“‘Say it with flowers!’ snapped our driver, wheeling about for the other fork.

“At the turn I looked back. There stood our guide in the road, his right foot still in the air, I think; and there—though it is several years since, he may still be standing—one foot planted on the road to Scituate, the other foot resting on the hub of the wheel that should have been on the road to Hanover.”

The man in the road knew that this road ran to Scituate. He lived on it. Had they asked him: “Master, which is the Great Commandment?” he had answered: “Take this road for Scituate.” For were they not duck hunting in Hanover? Then what profounder error could they have been in than on the road to Scituate!

But most people go that way for Hanover. Every young writer I know hankers to get his Hanover ducks out of Scituate, as if, failing to get ducks, he might get Scituate; novelty, the mere novelty of gunning in Scituate when the ducks are in Hanover, making the best sort of “copy.”

Is it some new thing that we should search out, or some deeper, truer thing? Must we travel, or may we stay at home? Locomotion is certainly a curse to literature.
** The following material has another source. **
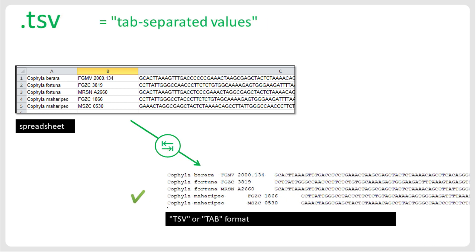To avoid confusion, we have therefore adopted the TSV format in iTaxoTools, where the separator is a tab character. As in the CSV format, records or lines are separated by new lines, but in this case, the values within a record are separated by tabs.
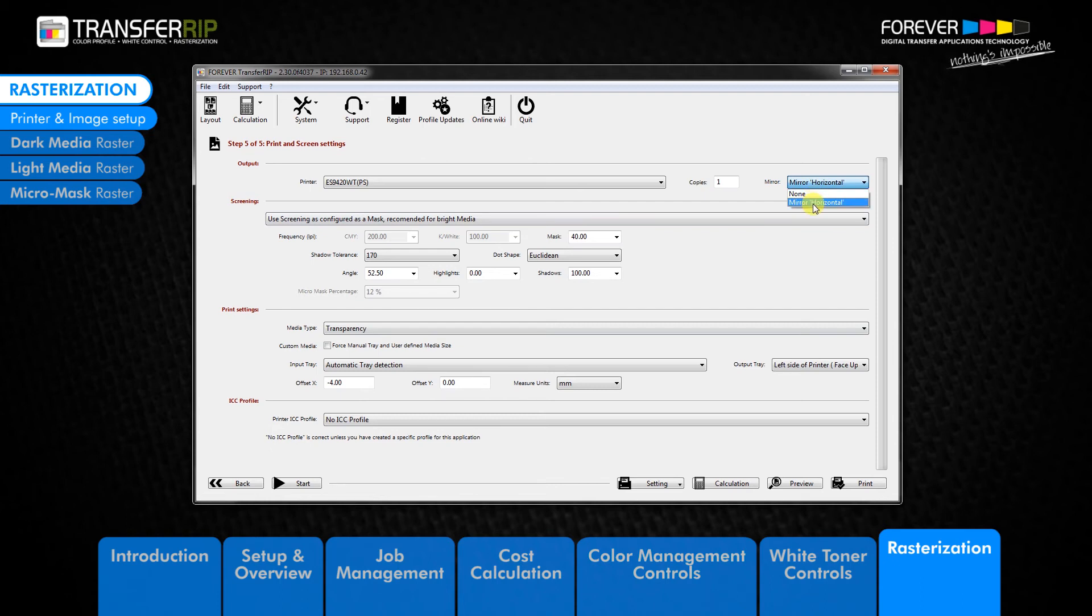Return to step 5 by clicking next and choose your option from the mirror drop down menu. For this design, we can read the text, so we need to mirror the image by choosing the mirror horizontal option. Below the output menu, we have the screening menu.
No one nowadays stays long enough in his own place to know it and himself in it, which is about all that he can know well enough to express. Let the writer stay at home. Drummers, actors, circus-men, and Satan are free to go up and down the earth. And these seem to be writing most of our books.

For some years, now, I, also, have been going to and fro and up and down in the earth thinking that I might find some better place than Hingham. I have just returned from Wausau, Wisconsin, where they have a very hard red granite, and a deep green granite, both of them the loveliest tombstone stuff that, I think, I ever saw. Certainly they are superior to our seam-face Hingham granite for tombstones. Up to the time of my Wausau visit, I had never given much thought to tombstones; but it shows how one’s thought expands with travel, and how easily Wausau may surpass Hingham, not alone in gravestones, but in other, even in literary, materials.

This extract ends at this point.